The advantages described in this section may aid in shaping a successful strategy for the proposed business plan. One competitive advantage of the listed MNCs may be their physical and digital access to an enormous skilled youth workforce due to India’s focus on education and literacy (GlobalEDGE, Hult, n.d.). Another advantage pertinent to all discussed enterprises may be the diversified approach to providing services: instead of focusing on a single service or product, these companies provide a wide variety. Lastly, the key to success may be the companies’ focus on hiring proficient English speakers since successful communication facilitates global business.
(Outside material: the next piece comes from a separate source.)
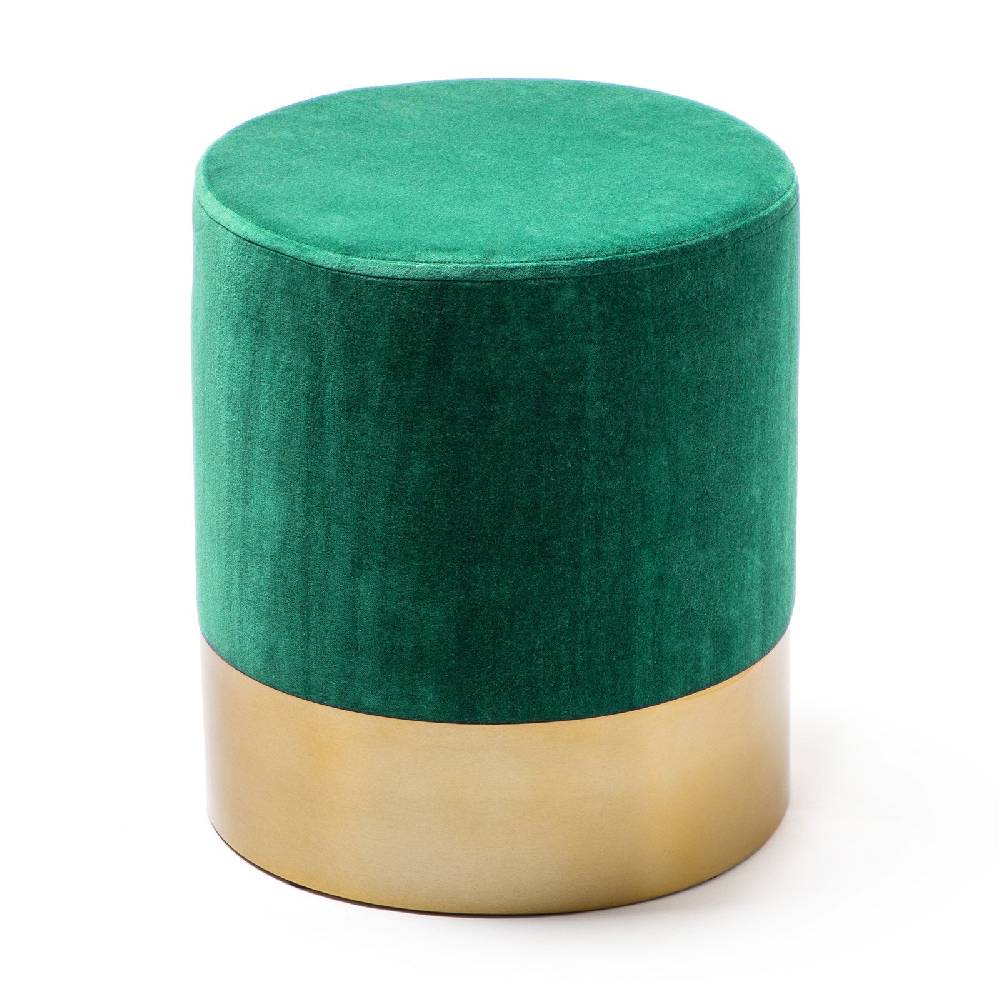 Kayoom Pouf Pepino 110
Assessing the Economic-Geographic Environment

Geographic Influences

India’s coastal location and proximity to Africa and Southeast Asia tie it to various trade networks to this day. However, India’s high prevalence of rural areas focusing on agricultural productivity, its frequent floods, and frictions in labor mobility compromise the physical and digital connectedness required for global businesses (GlobalEDGE, Michigan State University, n.d.). Overall, the geographic conditions in India influence the state of infrastructure, which may significantly impact the proposed business.

Major Products and Industries

India has put a large accent on technical advancement, which is reflected in its products and industries. The main natural resources in India are oil and minerals and precious stones and metals that get actively traded across the border (GlobalEDGE, n.d.-d). The top industries in India are textiles, chemicals, food processing, and steel (GlobalEDGE, n.d.-d). India’s major imports are oil and mineral fuels, precious stones and metals, and electrical machinery (GlobalEDGE, n.d.-d). India’s major exports are oil & mineral fuels, precious stones & metals, and industrial machinery (GlobalEDGE, n.d.-d). Overall, India’s accent on technical components provides a suitable business environment in the ICT sector.

Current Economic Conditions

The recent COVID-19 pandemic has affected many economies worldwide, including India. In 2020, India’s GDP ranked third globally, with an international GDP per capita of $6,502; however, one has to note a negative growth rate of 7.252% (GlobalEDGE, n.d.-b). However, India is still one of the fastest-growing economies globally, and it is expected to recover in the future due to government policy measures to protect businesses (World Bank, n.d.). According to the Doing Business Report (World Bank, 2020), for the past three years, India has been in the top ten economies that improved the most in the ease of doing business after implementing regulatory reforms. Among others, India implemented reforms that made it easier to start a business and trade across borders, supporting the proposed business plan (World Bank, 2020). Recent campaigns focused on attracting foreign investment, boosting the private sector, and enhancing the country’s overall competitiveness (World Bank, 2020). Therefore, India is supportive of foreign stakeholders willing to start their businesses.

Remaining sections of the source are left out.